**ACTIVITY:**
From the first line to the last, print the records exactly, leaving out the pictures.

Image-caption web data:

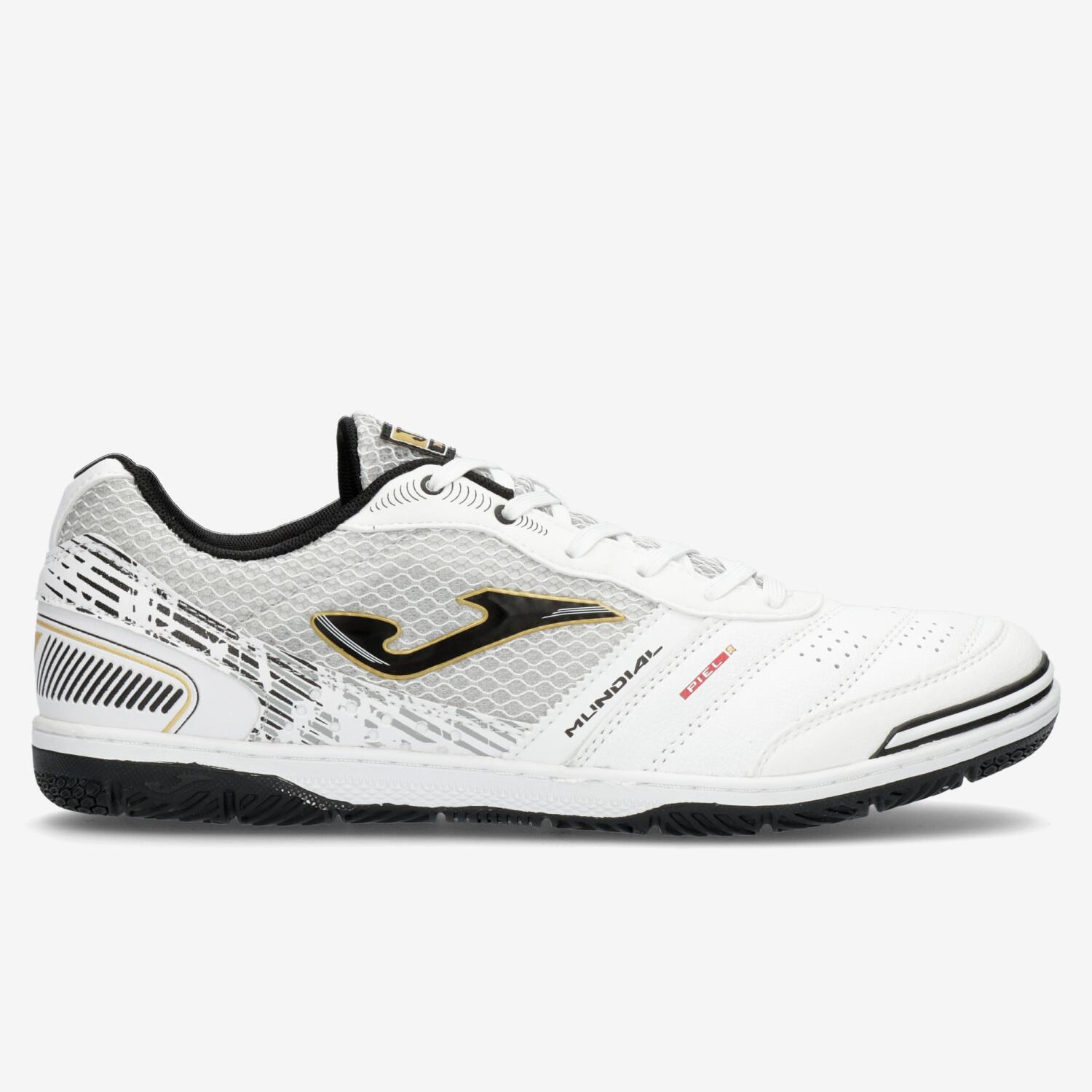 zapatillas joma futbol sala sprinter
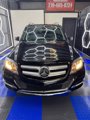 Used 2015 Mercedes-Benz GLK 350 2WD image 5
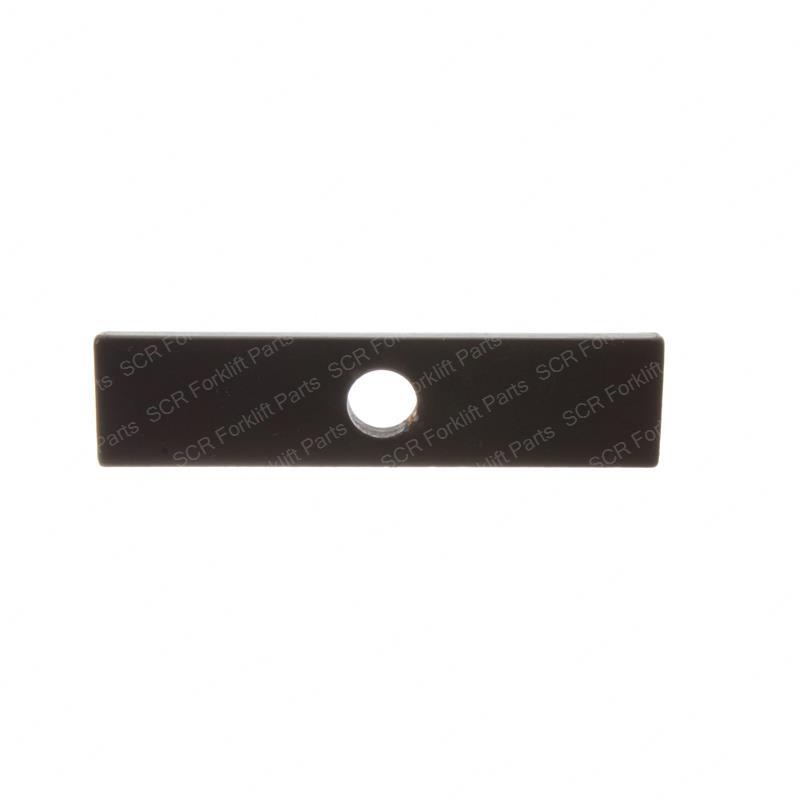 SPACER CR120673 cr120673 product image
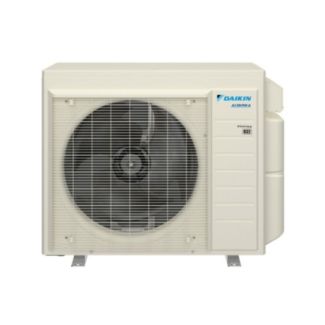 Daikin 18,000 BTU MXT Multi-Zone Mini Split Heat Pump Condenser - R32 | 230V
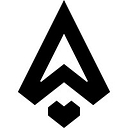 Avidity logo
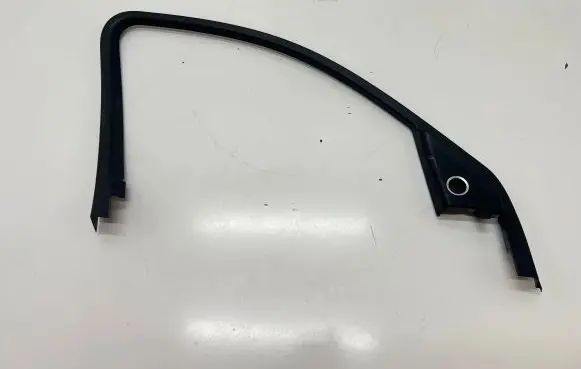 Audi Q5 SQ5 Front door high frequency speaker 8R0035399B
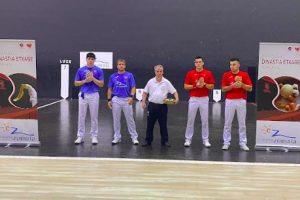 beitia apeztegia semifinalistas dinastia etxabe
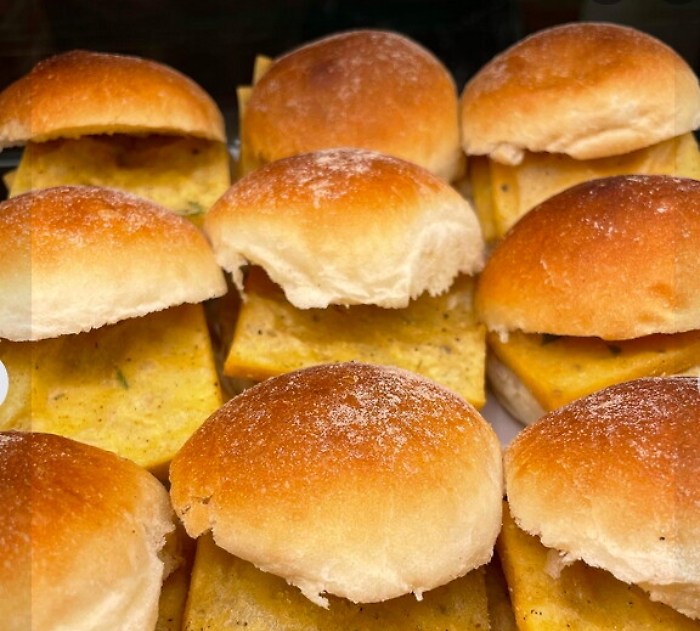 194425297-641aaa8f-8b8f-47bf-85c3-166b959ecf95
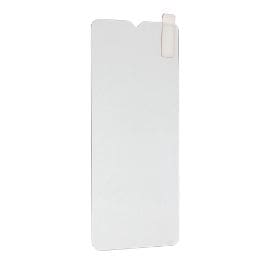 Zastitno Staklo Tempered glass Plus za Realme Narzo 30A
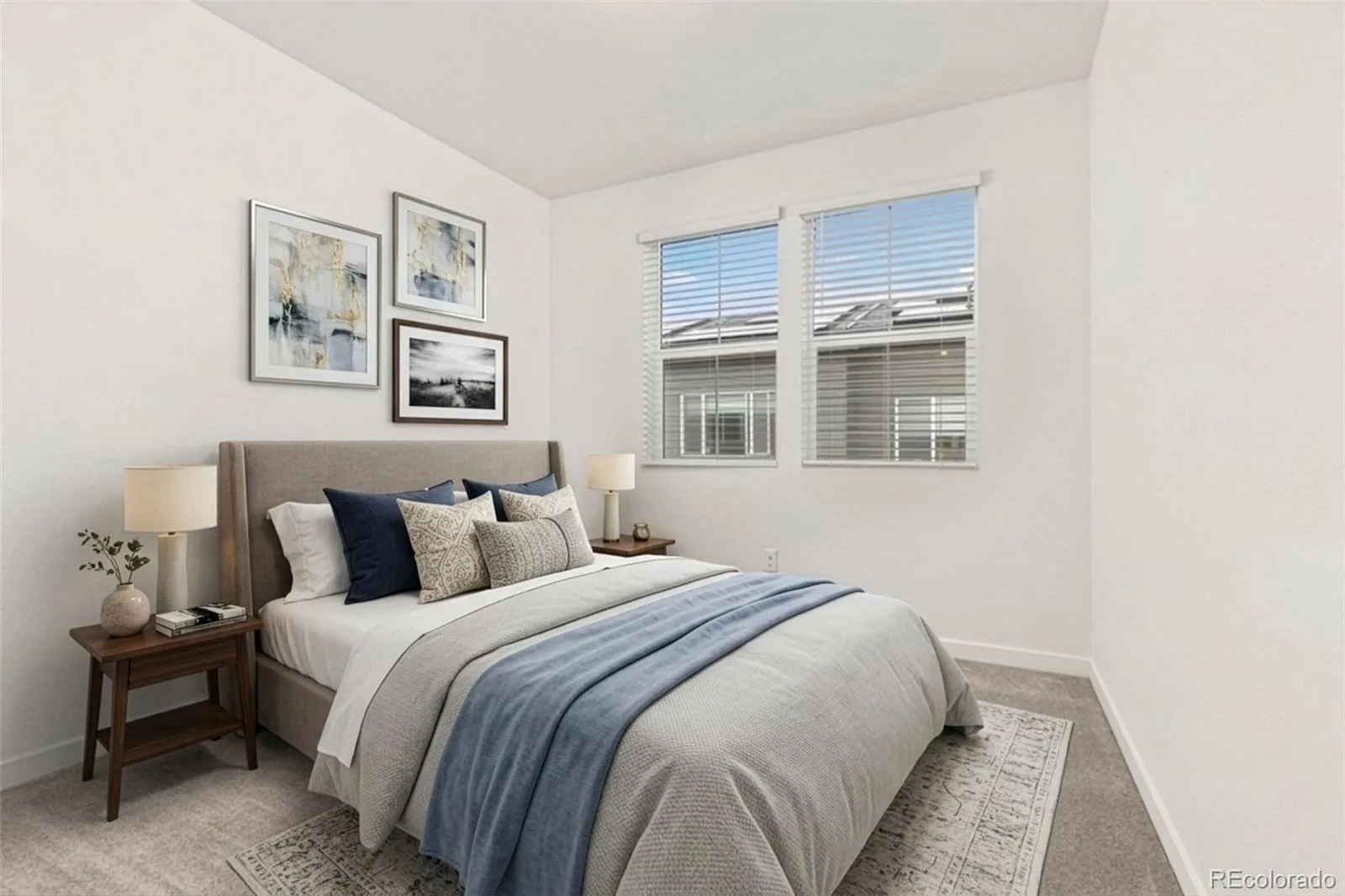 14554 W 91st Drive #A Arvada CO 80005 | MLS #REC8003694 07242026221107 1600 25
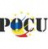 Poza
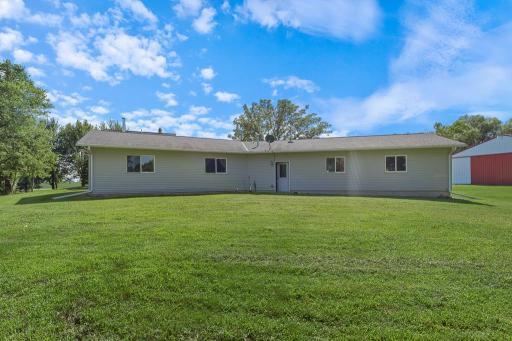 3334 310th Street, Marshall, MN 56258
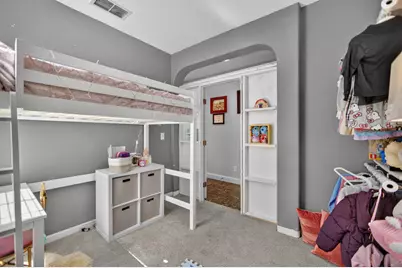1824 Dawnelle Way, Sacramento, CA 95835 - Photo 16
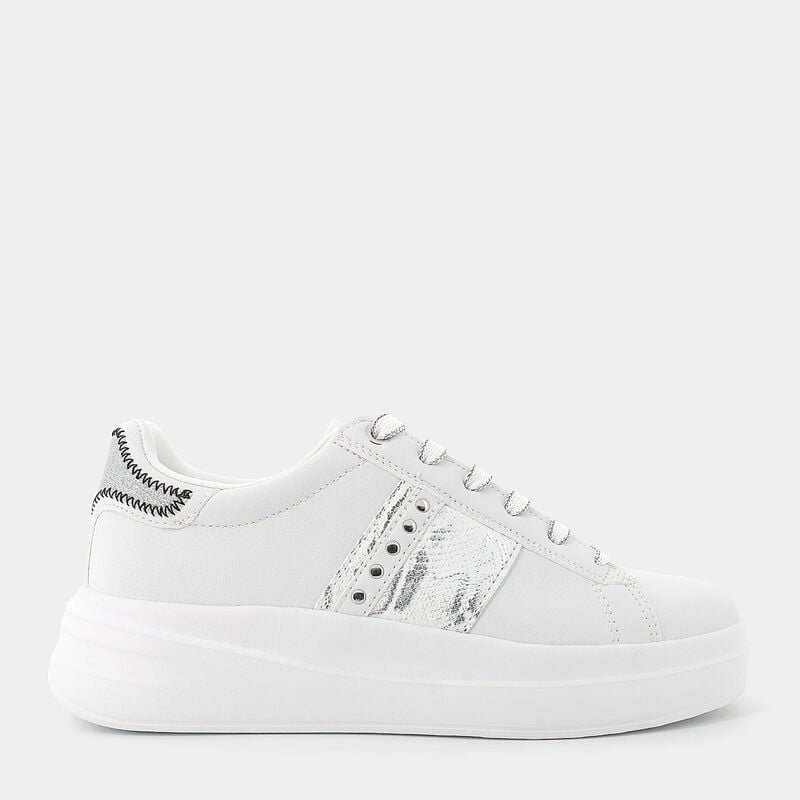 SCARPE da DONNA | SNEAKERS SHEEN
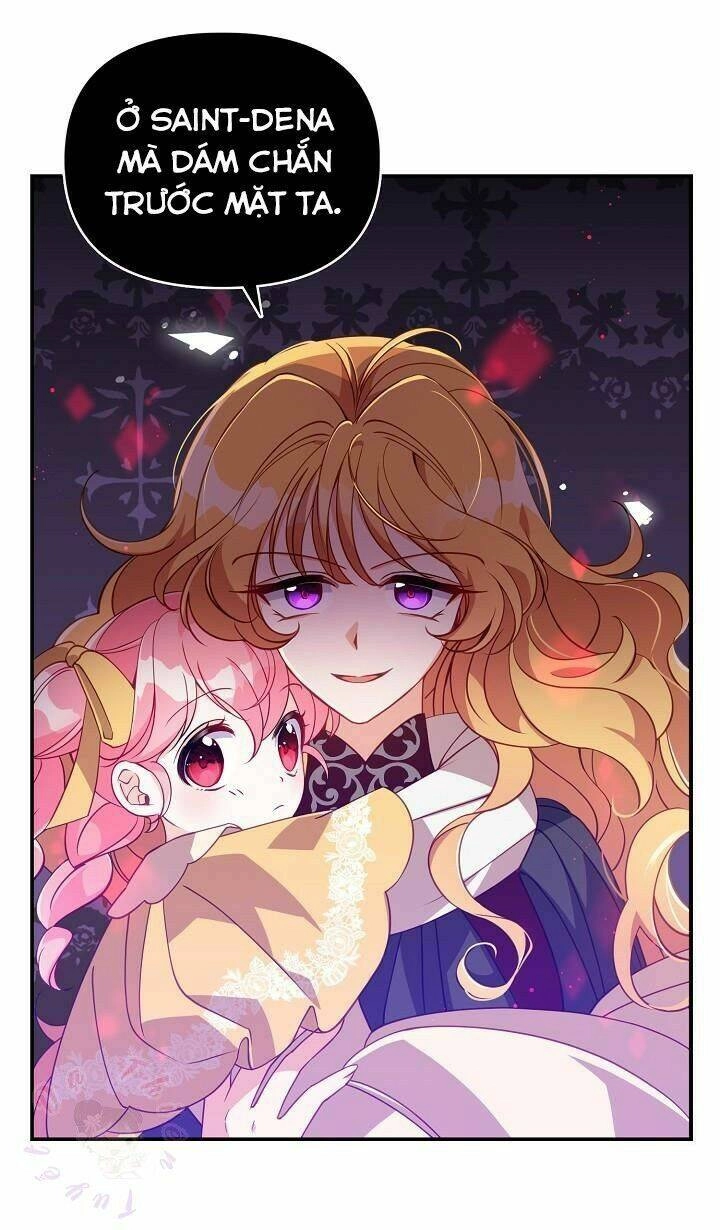 Cô Em Gái Quý Giá Của Nhân Vật Phản Diện Chapter 28 - 33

**RESPONSE AREA:**
 zapatillas joma futbol sala sprinter
 Used 2015 Mercedes-Benz GLK 350 2WD image 5
 SPACER CR120673 cr120673 product image
 Daikin 18,000 BTU MXT Multi-Zone Mini Split Heat Pump Condenser - R32 | 230V
 Avidity logo
 Audi Q5 SQ5 Front door high frequency speaker 8R0035399B
 beitia apeztegia semifinalistas dinastia etxabe
 194425297-641aaa8f-8b8f-47bf-85c3-166b959ecf95
 Zastitno Staklo Tempered glass Plus za Realme Narzo 30A
 14554 W 91st Drive #A Arvada CO 80005 | MLS #REC8003694 07242026221107 1600 25
 Poza
 3334 310th Street, Marshall, MN 56258
1824 Dawnelle Way, Sacramento, CA 95835 - Photo 16
 SCARPE da DONNA | SNEAKERS SHEEN
 Cô Em Gái Quý Giá Của Nhân Vật Phản Diện Chapter 28 - 33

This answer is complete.